A frequent topic in her public speeches was respect for human life from conception to natural death.  In her profound respect for the Giver of life, she staunchly upheld His rights by opposing any form of violence against human life, speaking out in defense of the weakest and most vulnerable human beings.

She considered abortion the greatest destroyer of peace in the world.  The reason behind such a statement is logical:  Once it is permissible and socially acceptable to kill one’s own flesh and blood, others not bound by family ties have much less ‘right’ to love, care and life; much more easily can they be ‘disposed of’ at will.  If, in order to protect often unjust and selfish interests such as love of comfort and pleasure, a society turns directly against the child in its mother’s womb, it will eventually and without scruple eliminate other defenseless beings as well.  It can become a very slippery slope.

The elderly, sick, or disabled, increasingly considered ‘a burden’ to society, are among the vulnerable in the world today.  Mother Teresa particularly deplored any form of disregard or neglect shown to the elderly members of one’s family in need of care.  As ‘love begins at home,’ our first responsibility is to our own.  Incapacities or sufferings do not diminish the inherent dignity of each person.”  (pp. 66-67)
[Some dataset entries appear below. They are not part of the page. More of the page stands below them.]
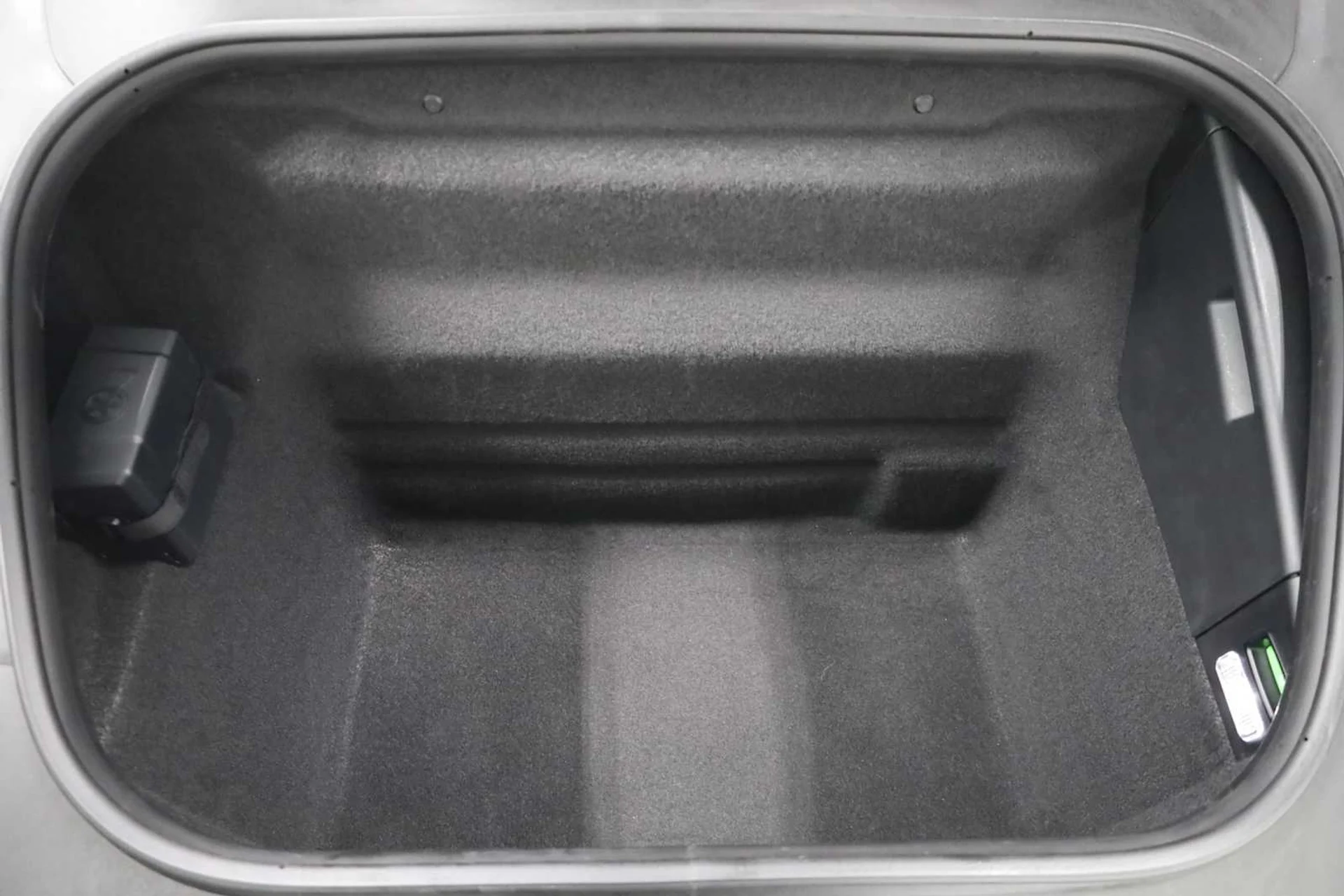 mph035_3861771964_de49a1e129c20f602ba823e31af78f78_6cedbaab31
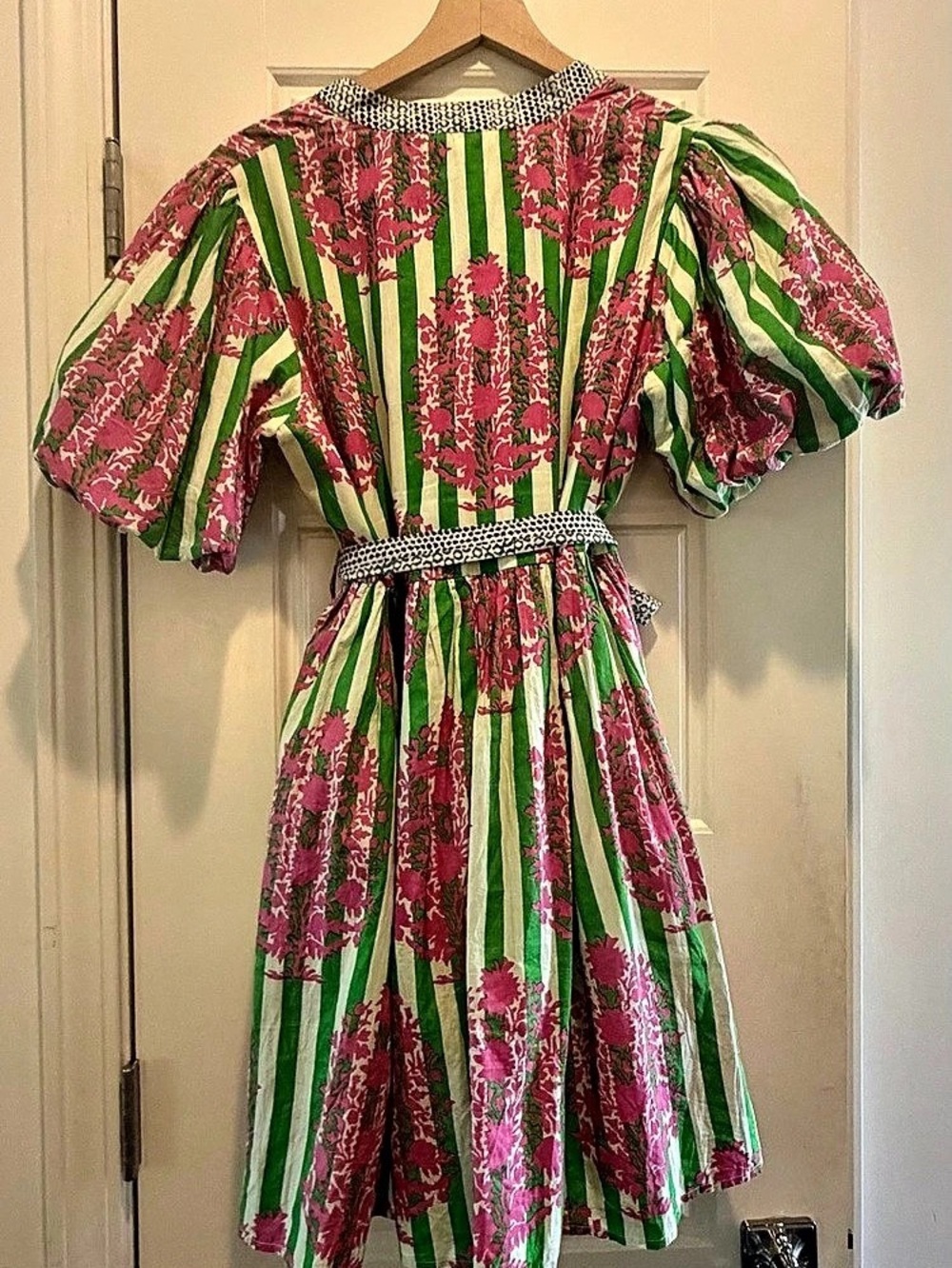 THML Floral Midi Dress in Green & Pink Size Medium - Picture 2 of 5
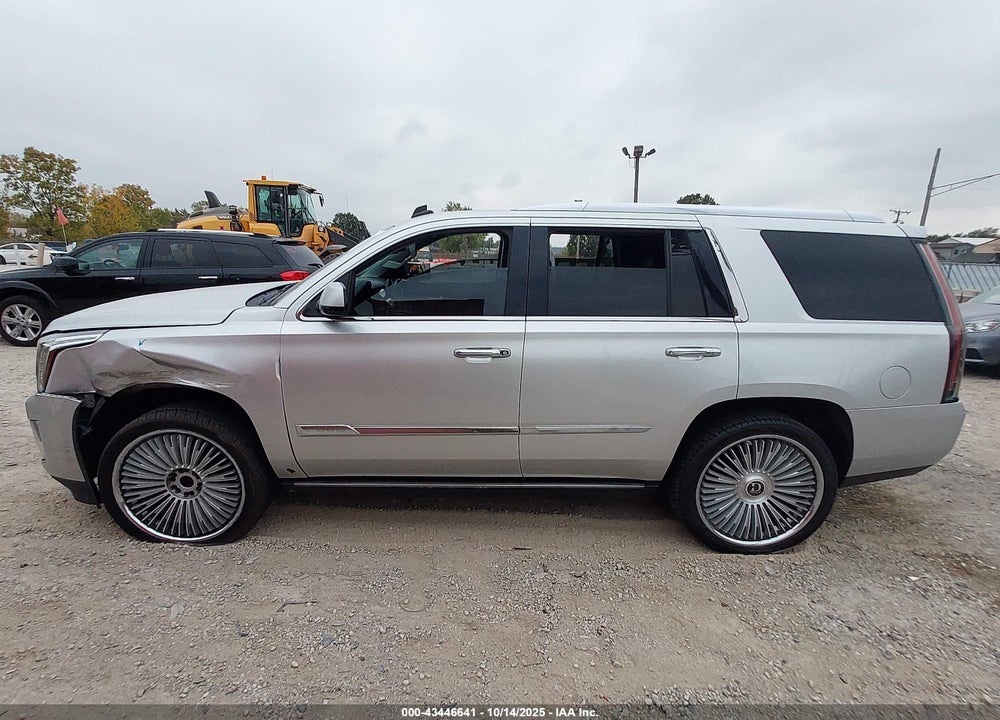2015 CADILLAC ESCALADE VIN: 1GYS4CKJ2FR172629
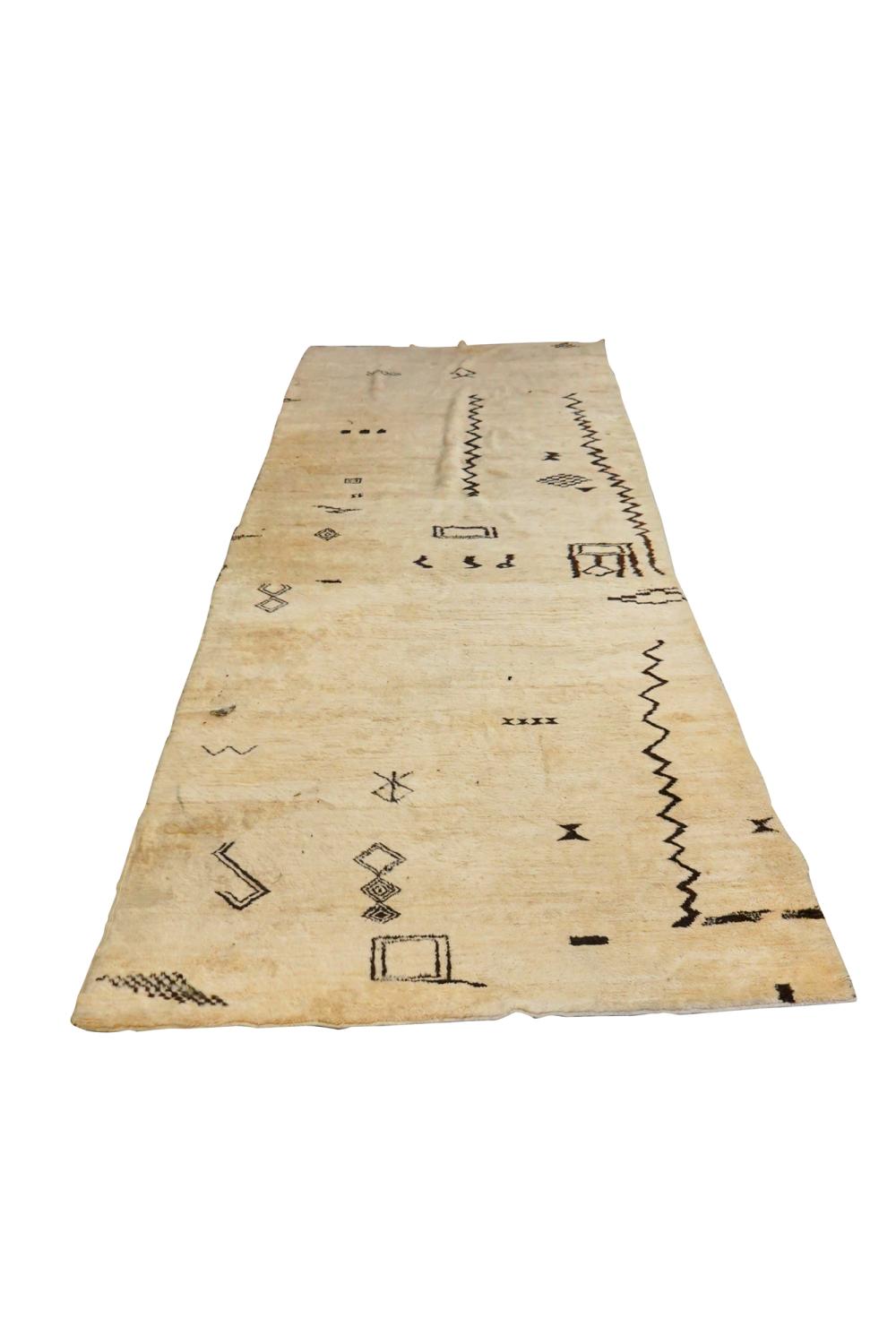 MOROCCAN CARPET22'8" x 6'6"
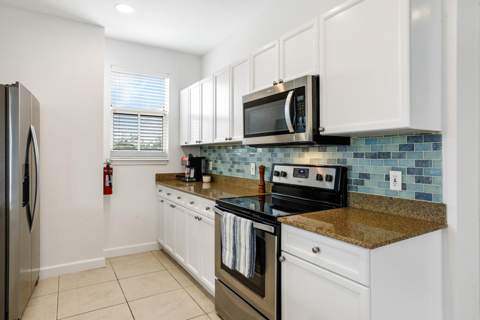 3960 N Flagler Drive #306, West Palm Beach FL - photo 8 of 39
“A grumbling sister can’t pray.  And, you can see on their faces—there is something there worrying them.  When I have tried to find out, it is always because of grumbling, misunderstandings, carrying tales.  If this happens when you are four or when you are six, community life will become so difficult; al right when you are a big community.  Just as the Americans go for a [medical] check-up, ‘Have I got cancer,’ we need to check and see that.  Grumbling and criticism are always the fruit of jealousy.  Jealousy, again, is nothing but hidden pride.”  (p. 81)

“Our lives must be connected with the living Christ in us.  If we do not live in the presence of God, we cannot go on.  One thing more is lacking—silence.  When there are two together, they start talking.  Then, without silence, there will be no good prayers.  We must also control our temper.  Temper means pride.  We must control our temper for the love of God.  In a good, ordinary family, it does not happen that we are losing our temper and answering back.  It should not happen here, either.”  (p. 81)

“I want you to pray and examine your conscience [regarding] Sins of omission.  Have the courage to say sorry.  The best way of saying sorry is to do the opposite in action.  If you have been moody, be happy….I want you…not to change your place or work but to change your heart.  Death can come any time.

The biggest disease today is not leprosy or tuberculosis, but rather the feeling of being unwanted, uncared for, deserted by everybody.  The greatest evil is the lack of love and charity, the terrible indifference towards those who are victims of exploitation, corruption, poverty and disease.  Love has to be built on sacrifice.  We have to give until it hurts.”  (p. 82)


Proverbs 11:16

A woman of gentle grace gets respect, but men of rough violence grab for loot.